On Wednesday, a full day after investors had digested the news, selling triggered the circuit breaker on at the JSE.
"Since December 15, 2006 the company is still experiencing severe cash flow and have been unable to meet its financial obligations namely, payment of its statutory obligations - salaries - and its commercial debt," the notice read.
The release also noted "additionally the company is not in a position to finalise its unaudited financial statements for the quarter ending December 31, 2006 and also to retain its auditors to commence the audited financial statements for the year ending December 31, 2006, due to its monetary problems."
On Monday, the stock opened at 80 cents, but shed almost 20 per cent of its value by Wednesday, dropping to 68 cents, and forcing the JSE to trigger the circuit breaker rule to prevent further slide in the stock price.
Transactions
"Tomorrow, (Friday) you will see some transactions taking place at the 50 cents level and below that. I think it will reach as low as 49 cents tomorrow because there are a lot of people who want to sell it. It may even go as low as 40 cents," said a stockbroker yesterday.

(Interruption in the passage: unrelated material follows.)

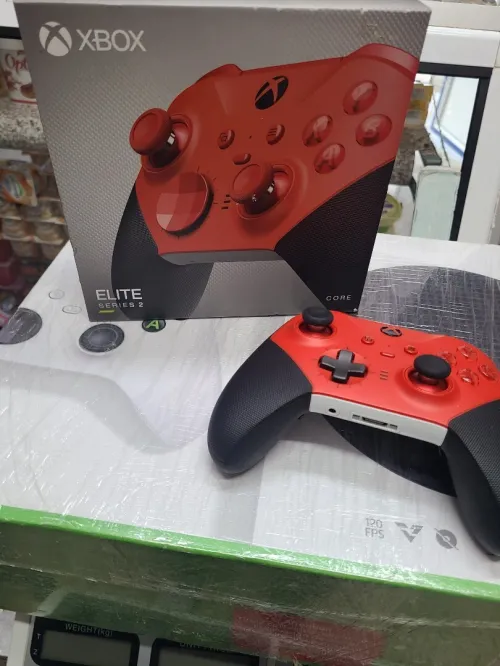 Xbox series s avc Elite series 2 Core 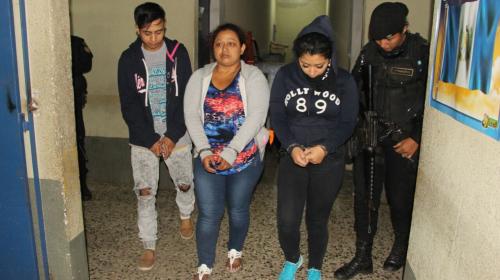 Capturan a integrantes de banda que prostitu&iacute;a a menores de edad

"People are just now grasping the reality about Dyoll. I don't expect it to be a going concern for very long because if you can't pay your auditors, then it is just a matter of time before you are delisted."
Up to the end of its 2005 financial year, Dyoll posted a loss of almost $53 million but the most recent financials from the company, its unaudited nine months to September 30, 2006, point to a net loss of $4.5 million on operating revenue of $680,000, consisting of management fee from a subsidiary and rental income.
However, with operating expenses of $11.2 million, the company posted gross operating loss of $10.5 million for the nine-month period and a net loss of $4.5 million.
In an attempt to lower its accounts payables and increase its cash balance, Dyoll sold its 51 per cent stake in Dyoll Wataru Coffee company early last year for $25 million, but that has done little to improve its financial health. The company has approximately $4 million to $5 million of expenses each quarter.
Its unlikely that its financial woes are likely to be solved any time soon since plans to sell its major asset, Drax Hall, appear stalled.
Dyoll is hoping to get $150 million from that sale to strengthen its balance sheet, and re-outfit the company as a real estate development entity and property management company, with plans to raise capital through private placement and debt financing.
The Financial Gleaner was unable to ascertain the progress being made on the real estate transaction as efforts to speak with the chairman of the Dyoll Board, UWI lecturer, Dr. Damien King, were unsuccessful.
"The view is out there that the delisting is imminent, that the company is on its way out," said the stockbroker who spoke with the Financial Gleaner on condition of anonymity.
"Nobody knows what is Dyoll, except that it is a shell. The company is not able to meet its debt payments, which means that there is nothing left for shareholders in the company."